> [What needs to be done] From the first line to the last, copy the data exactly and drop the pictures.

> [Supplied data]

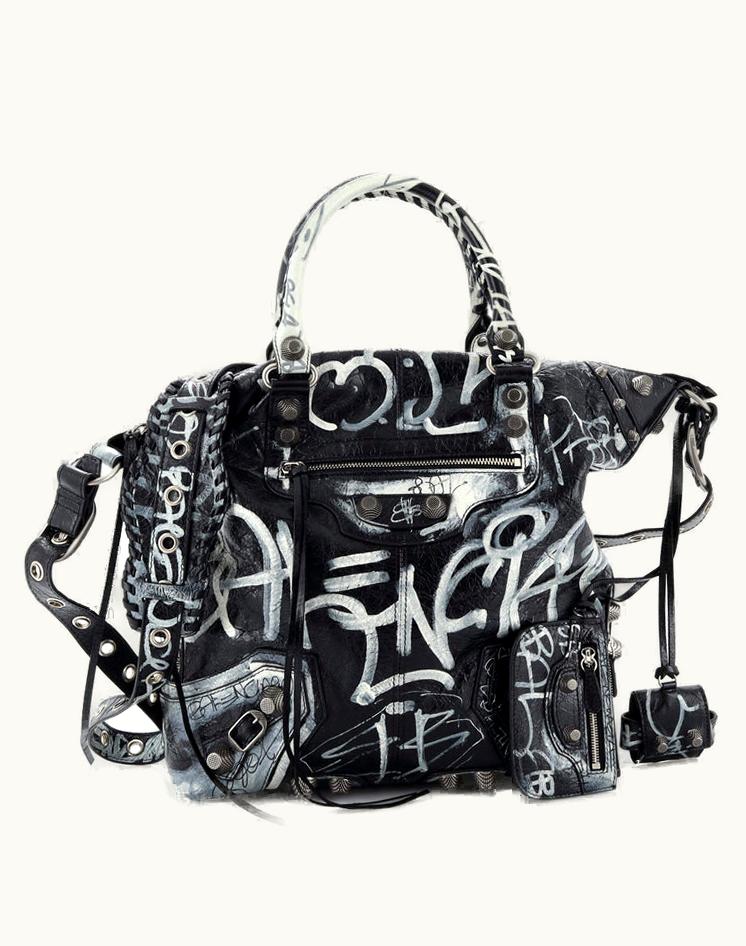 Balenciaga Balenciaga Le Cagole Graffiti Men Tote Leather Medium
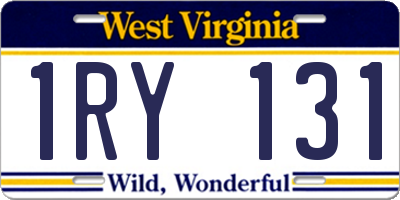 WV license plate 1RY131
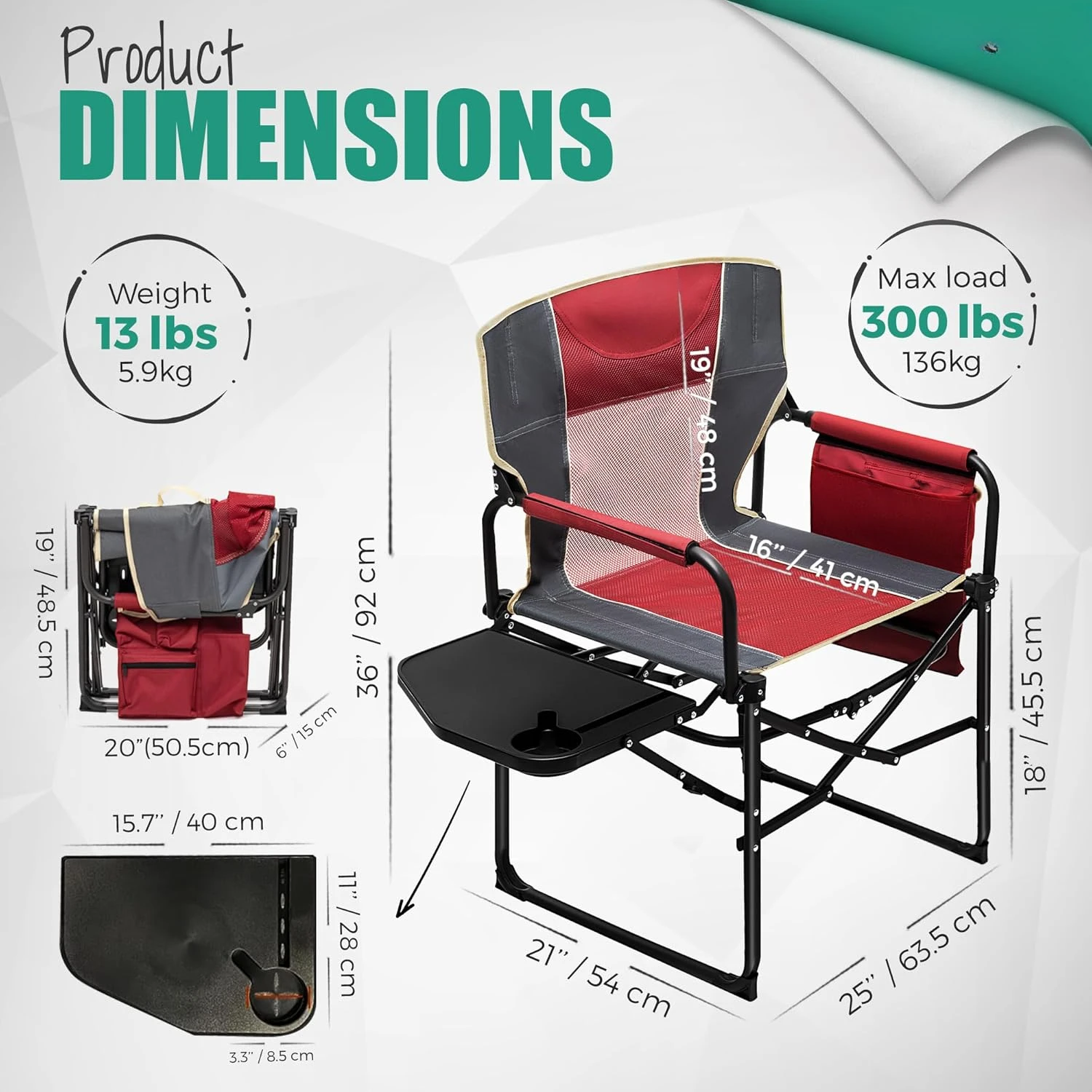 Portable Camping Directors Chair, Heavy Duty, Cadeira dobrável de grandes dimensões com mesa lateral, Bolso para praia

> [Answer for this exercise]
 Balenciaga Balenciaga Le Cagole Graffiti Men Tote Leather Medium
 WV license plate 1RY131
 Portable Camping Directors Chair, Heavy Duty, Cadeira dobrável de grandes dimensões com mesa lateral, Bolso para praia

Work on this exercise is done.